Dumb question......why do you need a preamp?


You'd think after 50 years I would know this, but I don't. Aren't today's integrated enough?

troutbum

This is an issue for folks without a good system and realize they can build one without one with all digital. Sounds great... then they put a preamp into their system and realize all the body and naturalness of the sound they were missing. If they don’t do it, they may never know. There are lots of testimony to this effect scattered around this site.

@ghdprentice 100% my experience. With a good tube preamp - more palpable, alive, "full" sounding. Imaging is more holographic 3D, too. More satisfying and immersive.

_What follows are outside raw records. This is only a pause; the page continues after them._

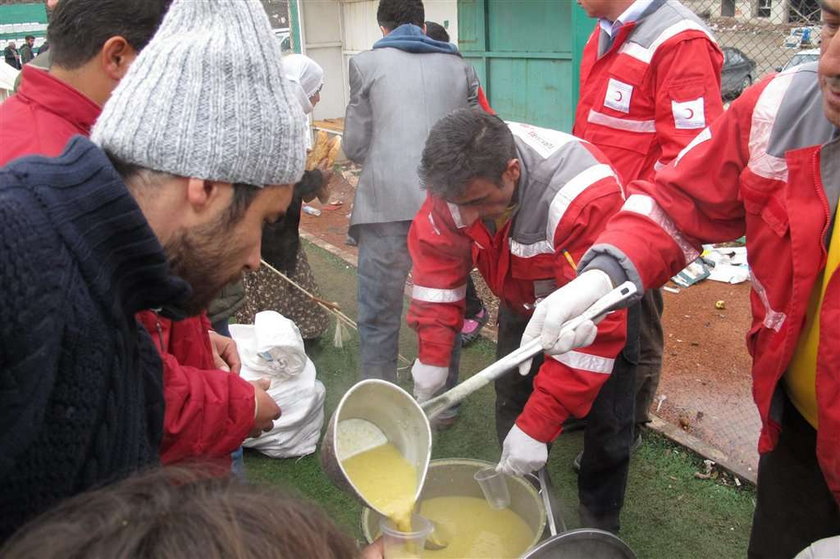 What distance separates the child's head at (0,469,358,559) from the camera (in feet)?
2.49

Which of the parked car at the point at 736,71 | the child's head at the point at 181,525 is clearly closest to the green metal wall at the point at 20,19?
the parked car at the point at 736,71

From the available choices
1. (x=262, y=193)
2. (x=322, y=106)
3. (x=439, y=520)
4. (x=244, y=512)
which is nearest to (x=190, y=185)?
(x=262, y=193)

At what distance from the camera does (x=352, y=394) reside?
6.67 ft

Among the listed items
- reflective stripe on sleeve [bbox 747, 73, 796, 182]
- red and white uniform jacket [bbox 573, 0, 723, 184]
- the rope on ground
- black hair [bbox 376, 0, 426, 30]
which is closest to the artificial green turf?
the rope on ground

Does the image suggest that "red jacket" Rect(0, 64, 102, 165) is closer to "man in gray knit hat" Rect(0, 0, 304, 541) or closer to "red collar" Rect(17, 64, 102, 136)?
"red collar" Rect(17, 64, 102, 136)

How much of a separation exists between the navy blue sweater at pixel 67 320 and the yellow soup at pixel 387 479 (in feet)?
2.99

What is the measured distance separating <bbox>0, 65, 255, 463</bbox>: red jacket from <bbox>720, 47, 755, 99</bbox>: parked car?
1098 centimetres

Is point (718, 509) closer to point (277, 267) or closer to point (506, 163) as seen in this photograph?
point (506, 163)

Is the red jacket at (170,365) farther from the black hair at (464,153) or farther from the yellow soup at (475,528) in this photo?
the black hair at (464,153)

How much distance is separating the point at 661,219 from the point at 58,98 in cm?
166

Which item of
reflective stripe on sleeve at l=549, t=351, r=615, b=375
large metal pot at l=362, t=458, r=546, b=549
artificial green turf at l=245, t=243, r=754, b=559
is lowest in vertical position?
artificial green turf at l=245, t=243, r=754, b=559

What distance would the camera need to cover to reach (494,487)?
2.57 metres

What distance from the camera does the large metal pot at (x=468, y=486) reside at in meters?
2.47

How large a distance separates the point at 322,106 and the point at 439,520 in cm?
980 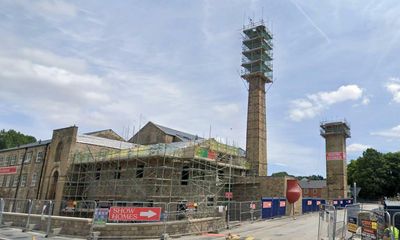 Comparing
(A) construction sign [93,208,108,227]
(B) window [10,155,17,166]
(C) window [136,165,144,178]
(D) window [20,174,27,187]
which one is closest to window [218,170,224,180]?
(C) window [136,165,144,178]

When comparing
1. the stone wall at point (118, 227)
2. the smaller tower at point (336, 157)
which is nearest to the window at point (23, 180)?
the stone wall at point (118, 227)

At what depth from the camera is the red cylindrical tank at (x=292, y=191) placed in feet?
114

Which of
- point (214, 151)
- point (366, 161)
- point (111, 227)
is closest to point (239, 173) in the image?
point (214, 151)

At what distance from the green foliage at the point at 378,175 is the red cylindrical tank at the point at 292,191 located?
4296 centimetres

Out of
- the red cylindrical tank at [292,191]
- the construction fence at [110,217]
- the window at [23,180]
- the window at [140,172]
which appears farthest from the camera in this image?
the window at [23,180]

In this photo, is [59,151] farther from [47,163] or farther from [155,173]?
[155,173]

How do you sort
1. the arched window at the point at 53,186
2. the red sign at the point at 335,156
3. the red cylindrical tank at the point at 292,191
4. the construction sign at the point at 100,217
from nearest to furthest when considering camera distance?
1. the construction sign at the point at 100,217
2. the red cylindrical tank at the point at 292,191
3. the arched window at the point at 53,186
4. the red sign at the point at 335,156

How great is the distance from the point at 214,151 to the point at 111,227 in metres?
17.1

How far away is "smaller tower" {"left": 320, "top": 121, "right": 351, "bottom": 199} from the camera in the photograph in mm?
58319

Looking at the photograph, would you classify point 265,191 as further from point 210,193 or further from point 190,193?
point 190,193

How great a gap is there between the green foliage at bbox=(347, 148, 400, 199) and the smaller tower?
1290cm

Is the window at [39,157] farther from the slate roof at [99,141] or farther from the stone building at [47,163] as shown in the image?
the slate roof at [99,141]

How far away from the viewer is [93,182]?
34969mm

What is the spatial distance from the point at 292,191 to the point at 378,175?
45.3 meters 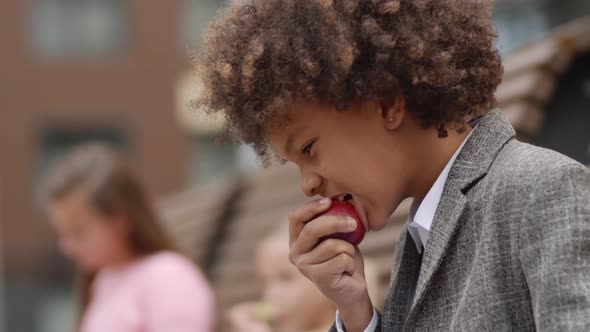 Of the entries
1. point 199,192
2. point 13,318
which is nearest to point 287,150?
point 199,192

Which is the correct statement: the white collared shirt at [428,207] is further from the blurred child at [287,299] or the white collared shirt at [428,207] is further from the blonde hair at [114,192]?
the blonde hair at [114,192]

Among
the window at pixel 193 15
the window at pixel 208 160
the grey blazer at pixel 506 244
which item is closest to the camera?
the grey blazer at pixel 506 244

I defintely won’t go back. I DO think it’s a coloration. But a really beautiful and special one - a happy accident the universe left for us to discover. We’re NOT scientific instrumentation. There is a very real possibility that our perception of musical information is maximized with reproductions that are "colored" in a certain way beneficial (symbiotic?) to our organic interpretations.

I have used active, passive and just volume controls on components. The best sound without question, for me, has always come from a active preamp. The most disappointing for me has been the performance I have gotten from several very high quality passives. 

I like minimum systems. So, one day I hooked my CD player directly into a top shelf stereo high-power amp. The CD had a volume level adjustment. It was just awful. You could almost hear the digital bits. I don't think anyone with a top system is skipping the pre-amp. 

I have 4 source components, turntable, tuner, SACD player and music server/player. I need a preamp. My 72 year old ears are not that good any longer, I use tone controls now. Never did before and that was dumb, suffering through some God-awful recordings because I was stubborn. I love my McIntosh preamp, blue meters and all.

@troutbum If you have an integrated amp you may not need a preamp.

But a preamp can be very useful if you have monoblock amplifiers. The reason is simple: the longer the speaker cable, the less resolution and impact you'll have out of the speakers.

Monoblocks allow you to keep speaker cables short. This might mean you have to run long interconnect cables to the amps. But if you have a good preamp, and especially if it is balanced line, that's no problem and you can have no loss in resolution or bandwidth doing that- no downside. A good preamp also reduces artifact you get from interconnect cables (usually this isn't a problem in an integrated amp).

Integrated amps usually trade off some sonic performance for size. You can see where this is going: the best systems often use monoblock amps with a preamp.